Книги

Нравственность есть Правда

22
18
20
22
24
26
28
30

Я и думал, что зритель поймет, что березки — это так, к «слову», увидит же он, зритель, как важно решить Егору, куда теперь ступить, где приклонить голову, ведь это не просто, это мучительно. Может, оттого и березки-то, что с ними не так страшно. А страшно это — и это-то и дико — уверовать, что отныне, до конца дней, одна стезя — пахать и сеять, для Егора, быть может, страшней тюрьмы, потому что — непривычно.

Ну, с березками — так.

Теперь истерика после сцены с матерью — мелодрама? Тут не знаю, что и говорить. Разве мелодрама?

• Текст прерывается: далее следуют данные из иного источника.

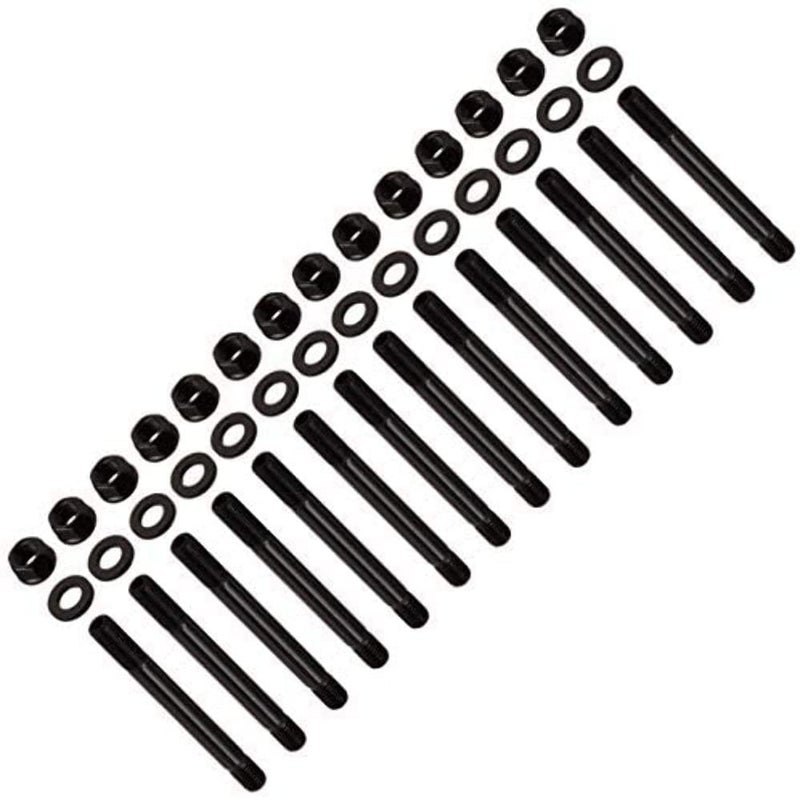 ARP 1524001 6Point Head Stud Kit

А как же, неужели не кричат и не плачут даже сильные, когда только криком и можно что-нибудь сделать, иначе сердце лопнет.

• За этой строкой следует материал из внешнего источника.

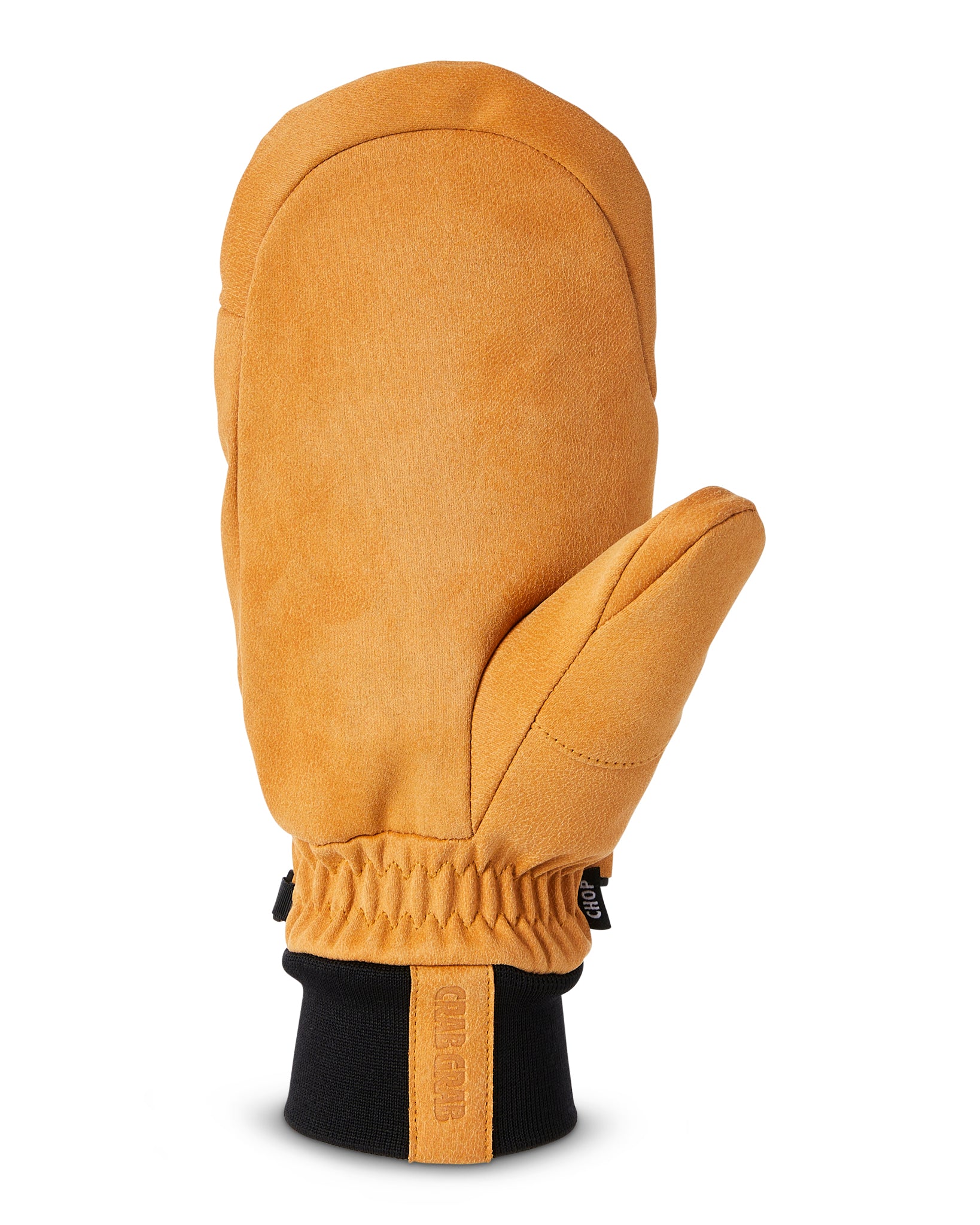 Crab Grab Chop Mitt – The Uptop Shop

Как только принимаюсь работать — писать рассказ, снимать фильм, — тотчас предо мной являются две трудности: жизнь человека внешняя (поступок, слова, жесты) и жизнь души человека (потаенная дума его, боль, надежда); то и другое вполне конкретно, реально, но трудно все собрать вместе, обнаружить тут логику, да еще и «прийти к выводу». Я пока не сдаюсь, но изворачиваюсь. Меня больше интересует «история души», и ради ее выявления я сознательно и много опускаю из внешней жизни того человека, чья душа меня волнует. Иногда применительно к моим работам читаю: «бытописатель». Да что вы! У меня в рассказе порой непонятно: зимой это происходит или летом. Я не к тому, что я — кто-то другой, а не бытописатель (я, кстати, не знаю, кто я), но не бытописатель же, это же тоже надо, за-ради правды дела, оставить в покое. И кстати, не думаю, что бытописатель — это ругательство. Где есть правда, там она и нужна. Но есть она и в душах наших, и там она порой недоступна.

Егор Прокудин, несомненно, человек сильный. Мне нравятся сильные люди, я и в киноповести не без удовлетворения написал, что в минуту наивысшей боли он только стиснул зубы и проклинает себя, что не может — не умеет — заплакать: может, легче бы стало. Когда я стал день за днем разматывать жизнь этого человека, то понял, что в литературной части рассказа о нем я сфальшивил, отбоярился общим представлением, но еще не показал всей правды его души. Я не думаю, что потом показал всю эту правду, но что ушел от штампа, которым обозначают сильного человека, — я думаю.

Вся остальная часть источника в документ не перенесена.